D’où l’oxymore révélateur du nom officiel du poste de contrôle : comment peut-il se trouver à l’intérieur des terres s’il s’agit d’un poste de contrôle frontalier ? La réponse, selon l’agence des douanes et de la protection des frontières, est très simple : la frontière entre les USA et le Mexique est très large : 160 kilomètres à l’intérieur des terres à partir de la frontière territoriale des USA, pour être exact. Dans cette zone d’exception - où vivent les deux tiers de la population usaméricaine - le gouvernement usaméricain a suspendu la protection constitutionnelle contre les “recherches et saisies” ; la patrouille frontalière peut monter dans n’importe quel véhicule et procéder à une fouille sans mandat.

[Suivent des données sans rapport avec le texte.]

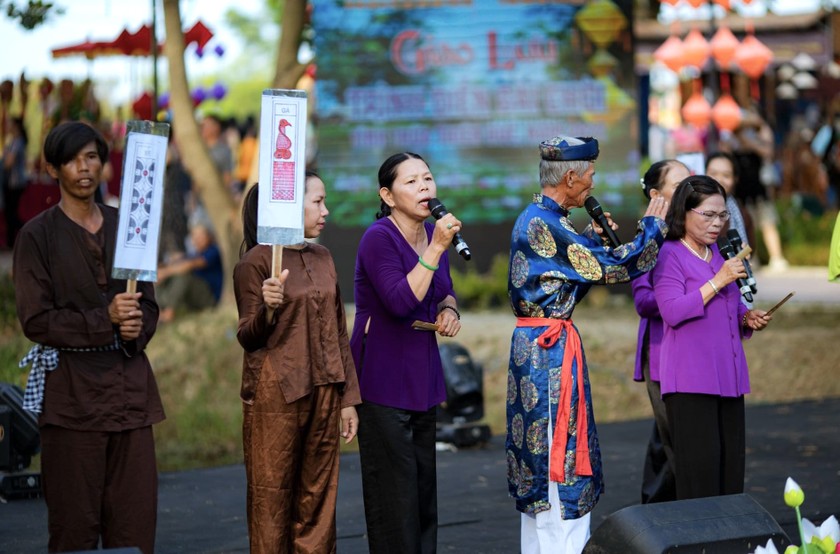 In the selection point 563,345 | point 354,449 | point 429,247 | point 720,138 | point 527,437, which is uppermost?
point 720,138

D’un autre point de vue, cependant, la frontière entre le Mexique et les USA devait être aussi mince que possible. L’intégration des chaînes d’approvisionnement des deux pays, réalisée par l’accord de libre-échange nord-américain (ALENA), a fait de la circulation efficace des produits, des biens et des matières premières d’un côté à l’autre de la frontière un impératif non seulement juridique, mais aussi économique.

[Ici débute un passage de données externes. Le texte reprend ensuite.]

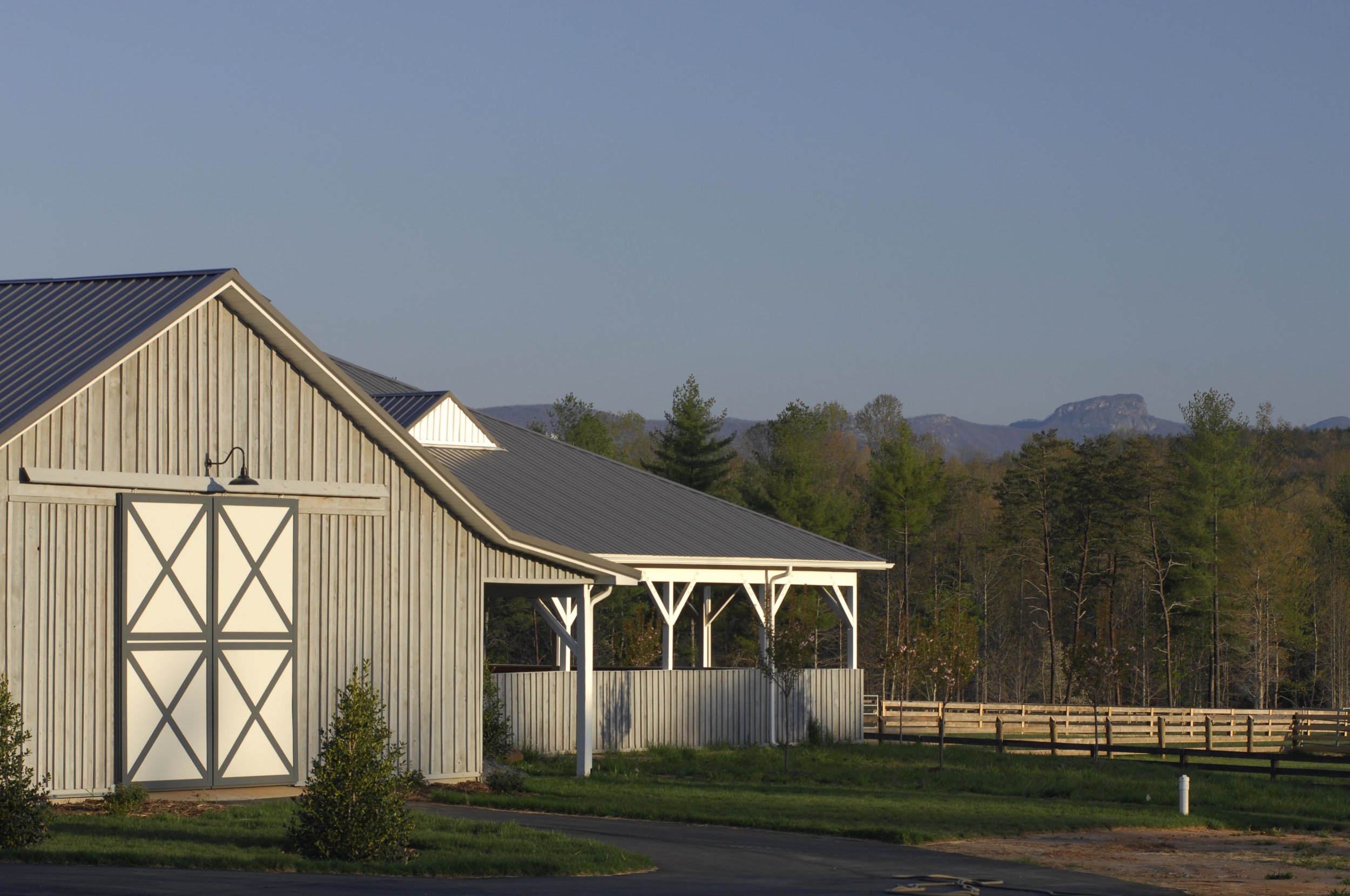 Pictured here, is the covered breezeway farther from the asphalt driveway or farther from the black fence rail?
the asphalt driveway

D’où l’autre oxymore - implicite, certes, mais évident compte tenu du contexte géographique et historique - du nom officiel du point de passage frontalier : comment concilier le contrôle des frontières et le libre-échange ? La réponse, selon le département de la sécurité intérieure, était encore une fois très simple : construire le plus grand point d’inspection de l’histoire des USA.

Mais aujourd’hui, le poste de contrôle de l’I-19 est une triste structure métallique au milieu du désert. L’immense complexe dont rêvaient les ingénieurs du gouvernement usaméricain n’a jamais été construit. Comme tant d’autres ambitions usaméricaines dans les années qui ont suivi l’entrée en vigueur de l’ALENA, leurs plans sont restés à l’état de projets.

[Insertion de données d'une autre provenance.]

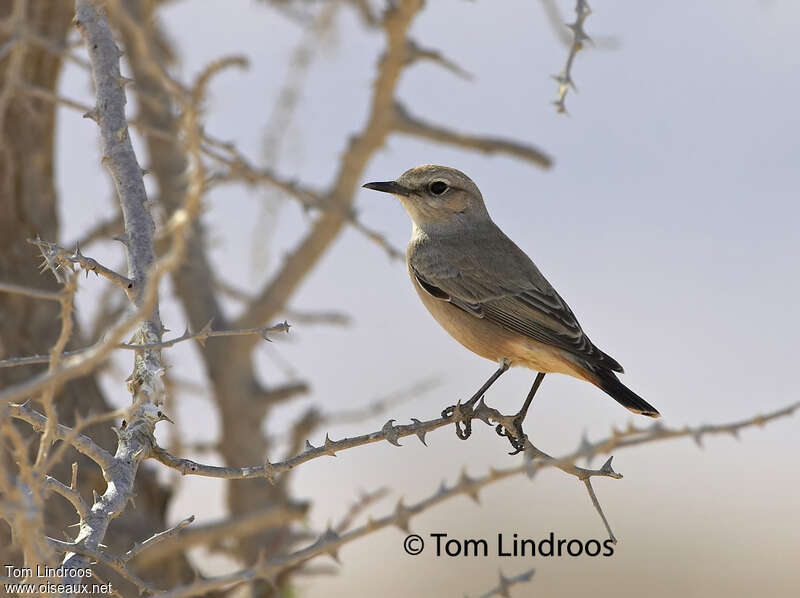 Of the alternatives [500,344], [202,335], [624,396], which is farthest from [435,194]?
[202,335]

Le plan initial du BPIC prévoyait que le trafic automobile privé serait dévié vers sept voies équipées de cabines d’inspection à l’arrivée au poste de contrôle depuis l’autoroute. Peu de temps après, les ingénieurs ont toutefois estimé que cette solution était insuffisante et qu’il valait mieux construire vingt-deux voies. Le trafic des camions commerciaux et des passagers serait quant à lui dévié vers une autre zone d’inspection, à côté du parking pour les voitures des 39 agents de la patrouille frontalière qui travailleraient au BPIC 24 heures sur 24.

D’autres zones comprendraient des chenils pour les K-9 [=Ka-Nine, chiens policiers] entraînés à renifler la drogue, un ascenseur pour véhicules, des tours équipées de radars et d’autres systèmes de communication (dans le cadre d’un contrat attribué à Boeing, puis annulé faute d’autorisation du ministère de l’Intérieur), un entrepôt pour la contrebande confisquée, une salle informatique avec accès aux bases de données de renseignements sur les groupes terroristes et le crime organisé, et un centre de détention pouvant accueillir trois cents personnes que le langage officiel du gouvernement usaméricain qualifie d’illégales.

Tout cela était nécessaire, ont expliqué les responsables du DHS, car la plupart des migrants sans papiers qui tentaient d’entrer dans le pays le faisaient dans la région sud de l’Arizona, où passe l’I-19 avant de rejoindre la route fédérale 15 du Mexique. Alors que la Border Patrol divise la frontière avec le Mexique en neuf secteurs, ces années-là, la moitié des arrestations ont eu lieu dans le secteur de Tucson.

La patrouille frontalière usaméricaine divise sa stratégie de contrôle et de surveillance - appelée defense in depth (“défense en profondeur”)- en trois couches, chacune plus éloignée de la frontière : line watching, la surveillance de la ligne (l’observation constante de la frontière elle-même), roving patrols, patrouilles itinérantes de petits groupes d’agents, parfois à cheval, qui se déplacent dans les zones où circulent le plus de migrants) et, enfin, les BPIC.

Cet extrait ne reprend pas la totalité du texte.